Earlier this year, the Ontario Securities Commission released a scathing report about governance, risk management, internal control and auditing failures in companies operating in emerging markets. The payments in SNC-Lavalin allegedly involve ties to Libya.

In SNC-Lavalin’s case, how could anomalous payments of this magnitude and internal controls be allegedly manually overridden, as is being reported, and not receive explicit board or committee approval? Where was the board? SNC’s own internal report revealed a shocking lack of disclosure of contracting parties and improper documentation and passwords. The board chair, Gwyn Morgan, said that while the board does not believe the money was used to bribe or has wound up in Libya, the board wasn’t “able to really determine the use of those payments.”

If so, this is a massive governance and internal control failure. It is impossible for fraud, bribery or ethical breaches to occur in a vacuum. Employees know. But corporate whistleblowing systems, overall, suffer from defects that include lack of anonymity, lack of independence, lack of communication and training, lack of incentive, and lack of a proper investigation. In the U.S., according to the 2011 National Business Ethics Survey, retaliation against employee whistleblowers last year rose to more than one in five employees. Such defects are exactly what the SEC rule is designed to address.

Whistleblowing defects are all faults of a board. If the board is getting its information only from management, this is a red flag. Management may not even possess accurate knowledge. In any event, a prudent board should seek independent assurance over anti-fraud and whistleblowing procedures. And “independence” does not mean the company auditor or legal counsel who assess their own or their firm’s work, nor any firm who does, has done, or seeks to do work for company management.
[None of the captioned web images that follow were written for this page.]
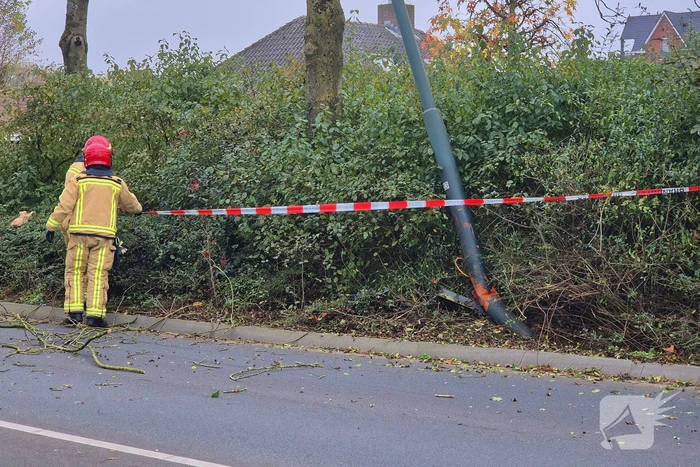 Automobilist klapt op lantaarnpaal en belandt op zijkant
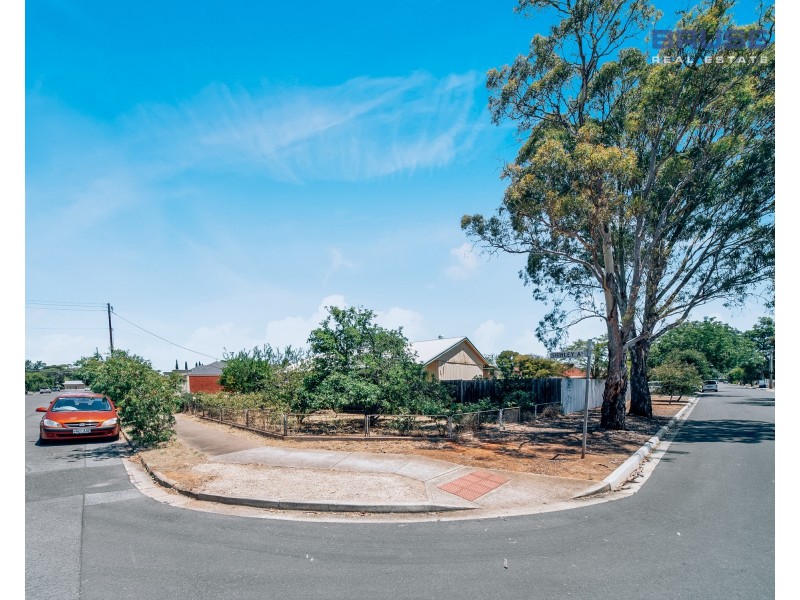 8 Shirley Avenue (Corner of Davies Avenue), Tranmere SA 5073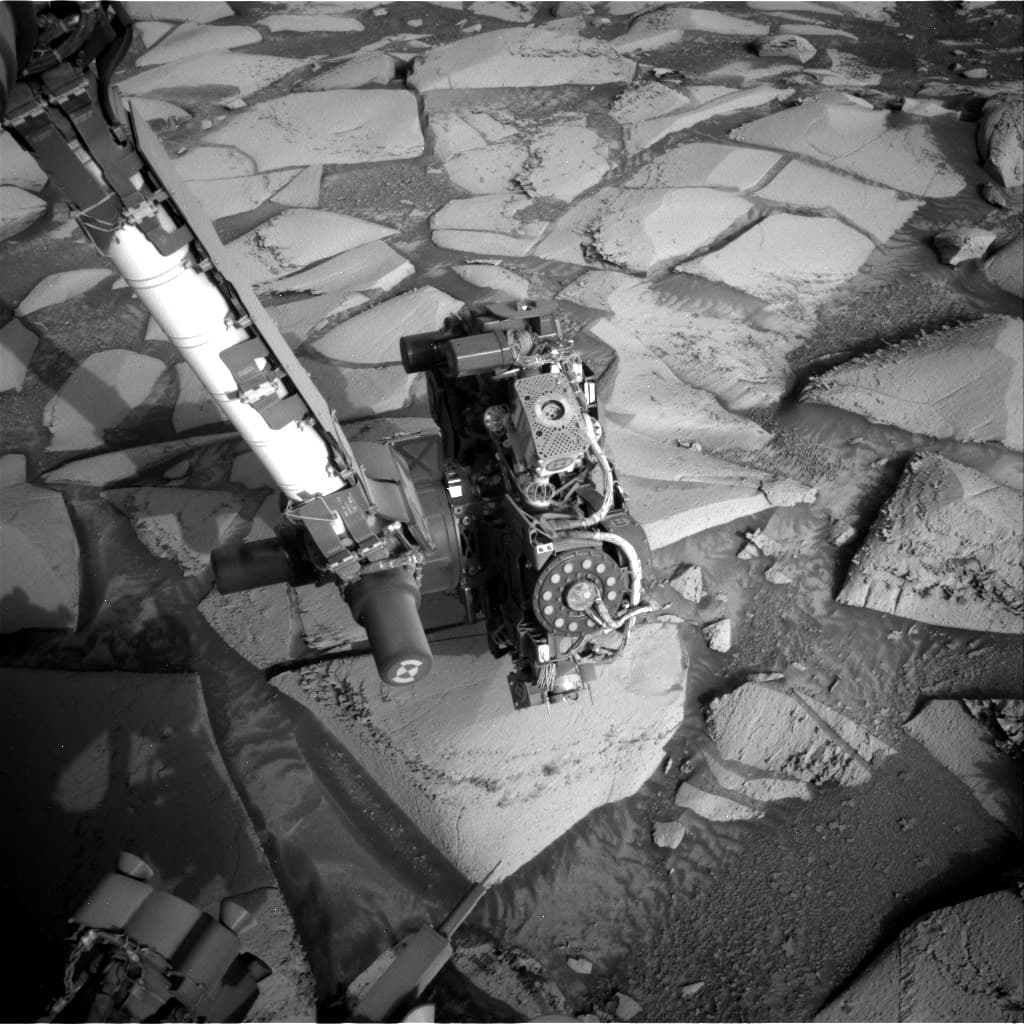 Mars image captured by NAV_RIGHT_B on Curiosity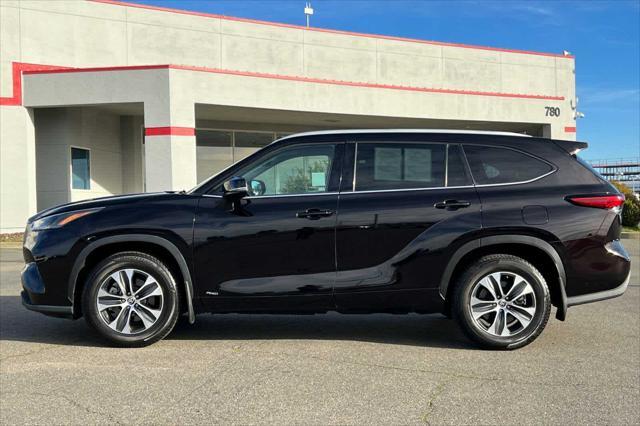 used 2022 Toyota Highlander Hybrid car, priced at $34,999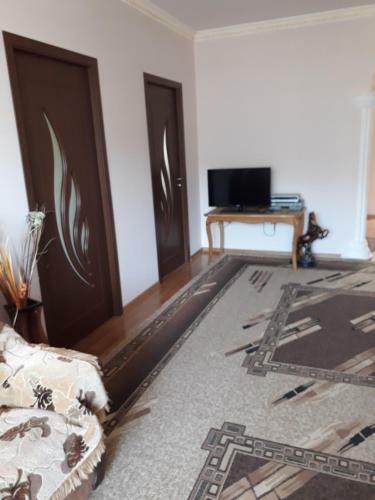 Green Dilijan B&B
Directors and boards themselves also need to step up. This includes appointing international directors, understanding corrupt business practices, receiving third party assurance and disconfirming information (including culture surveys), and using alerts and social media.

Previously, both SNC-Lavalin and RBC received recognition for their good governance. The allegations show the perils of rating boards solely on tick-the-box systems rather than methodical internal reviews.

The question therefore, is, could this happen on other boards of directors? If you are a director on a board and cannot reasonably answer “No,” to this question, perhaps you should consider some of the above recommendations.